It’s here. I’m here. Even now, I can’t tell if what I’m feeling is dread or anticipation; maybe a mixture of both. On one hand, it’s the end of my summer, my youth, a truly finite conclusion to the countless relationships and memories forged amidst my life thus far. It’s almost a near certainty that I’ll never see the majority of my friends again, a thought I’ve consistently tried–and failed–to repress to the very depths of my consciousness. Sure, there’ll be the odd correspondence here and there, but inevitably, over time, we’ll drift further and further apart, as the distance and conflicting timetables tear asunder the remains of our once-unbreakable bonds.
On the other hand, it’s a symbol of new beginnings, of my transition into adult life, a life of autonomy and independence. It’s a newfound world of limitless freedoms and opportunities, unbounded by standard convention. In a way, college is a carbon copy of high school, but with responsibilities rather than directions, choices rather than restrictions. There’s no longer anybody left to tell you what to do: to finish that paper instead of playing another game of Overwatch, to study for midterms instead of partying all night. It’s a thrilling, yet downright terrifying thought. Here is the line which differentiates children from adults, an endless chasm in which one wrong step can spell near-certain doom.

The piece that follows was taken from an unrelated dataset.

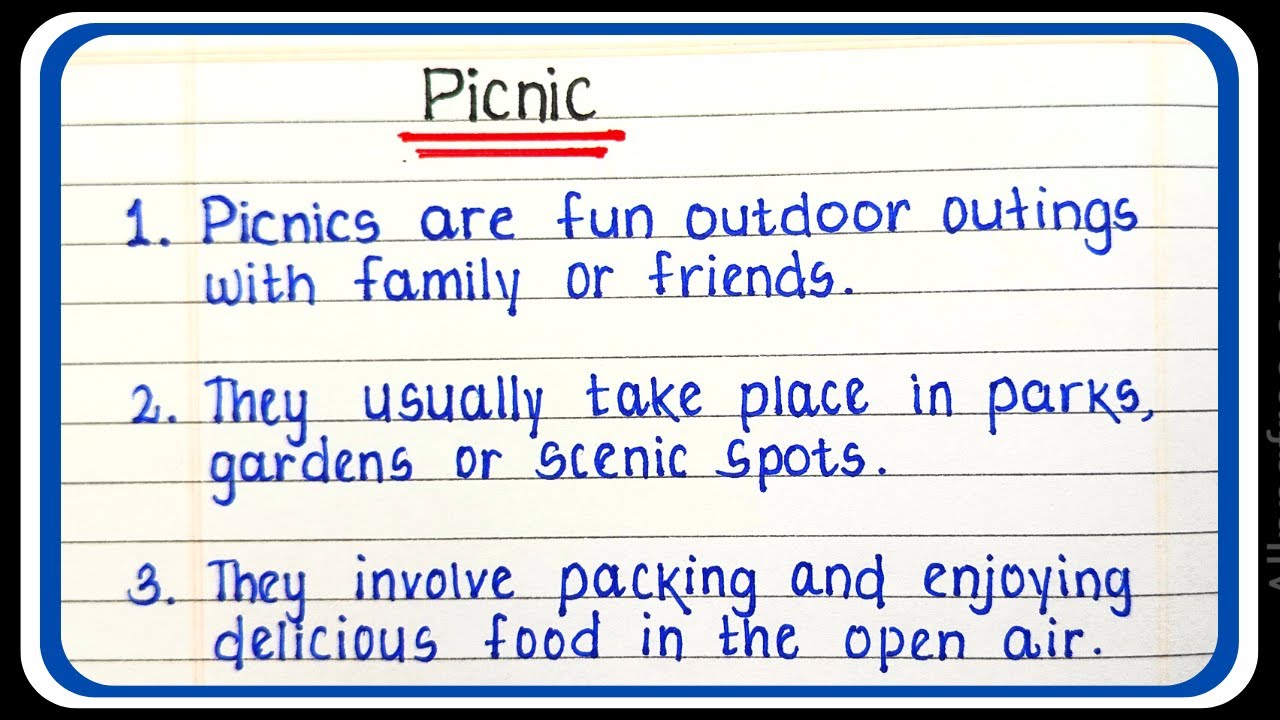 Essay on picnic in English 10 lines Picnic essay in English Picnic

College is going to be tough, there’s no denying that. Every quiz, every essay, every final. Add in RSOs, research, and internships and it can look downright depressing. But despite all that, I’m sure I’ll find time to enjoy myself. And if not, I’ll make time. After all, I want to look back on these next four years and be able to say: damn, that was one of the best times of my life. No excuses, no explanations, no regrets. And so I’ll welcome the future with open arms.